Brief descriptive captions:
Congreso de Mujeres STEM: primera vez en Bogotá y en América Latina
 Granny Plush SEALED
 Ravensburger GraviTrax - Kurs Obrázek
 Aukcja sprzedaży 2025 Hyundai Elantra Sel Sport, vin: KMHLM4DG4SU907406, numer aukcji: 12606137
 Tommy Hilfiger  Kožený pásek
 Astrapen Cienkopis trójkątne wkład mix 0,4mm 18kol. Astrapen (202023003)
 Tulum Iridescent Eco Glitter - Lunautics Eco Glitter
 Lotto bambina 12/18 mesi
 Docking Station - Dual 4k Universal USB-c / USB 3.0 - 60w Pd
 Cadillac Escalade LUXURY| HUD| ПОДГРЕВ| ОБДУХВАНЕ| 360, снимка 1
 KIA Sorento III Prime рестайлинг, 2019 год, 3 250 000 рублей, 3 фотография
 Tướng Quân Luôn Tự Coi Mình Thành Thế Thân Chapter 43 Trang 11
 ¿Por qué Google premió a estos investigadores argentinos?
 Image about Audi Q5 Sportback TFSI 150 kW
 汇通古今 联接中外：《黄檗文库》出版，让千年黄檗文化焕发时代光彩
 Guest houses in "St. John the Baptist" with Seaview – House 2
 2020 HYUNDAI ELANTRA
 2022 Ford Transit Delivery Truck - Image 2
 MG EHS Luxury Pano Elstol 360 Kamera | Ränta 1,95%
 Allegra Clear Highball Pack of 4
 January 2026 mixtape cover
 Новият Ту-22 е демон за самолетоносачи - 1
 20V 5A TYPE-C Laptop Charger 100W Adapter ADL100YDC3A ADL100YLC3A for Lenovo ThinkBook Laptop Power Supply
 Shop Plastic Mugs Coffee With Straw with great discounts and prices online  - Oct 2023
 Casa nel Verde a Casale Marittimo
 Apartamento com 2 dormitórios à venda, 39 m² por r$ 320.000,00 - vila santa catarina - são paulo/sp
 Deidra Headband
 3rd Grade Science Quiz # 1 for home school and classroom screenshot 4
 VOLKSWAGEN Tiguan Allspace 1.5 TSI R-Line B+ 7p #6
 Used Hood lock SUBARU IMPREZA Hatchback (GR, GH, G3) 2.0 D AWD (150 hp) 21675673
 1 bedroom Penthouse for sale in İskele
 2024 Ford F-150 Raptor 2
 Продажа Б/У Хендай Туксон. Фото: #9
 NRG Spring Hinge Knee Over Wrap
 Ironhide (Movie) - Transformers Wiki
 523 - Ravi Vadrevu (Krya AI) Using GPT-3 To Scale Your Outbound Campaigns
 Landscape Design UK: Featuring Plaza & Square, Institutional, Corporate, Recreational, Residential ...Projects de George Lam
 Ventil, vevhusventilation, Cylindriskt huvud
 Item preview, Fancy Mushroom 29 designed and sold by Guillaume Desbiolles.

Task to carry out: Retrieve every line above holding the word "with".

Answer box:
 Guest houses in "St. John the Baptist" with Seaview – House 2
 Shop Plastic Mugs Coffee With Straw with great discounts and prices online  - Oct 2023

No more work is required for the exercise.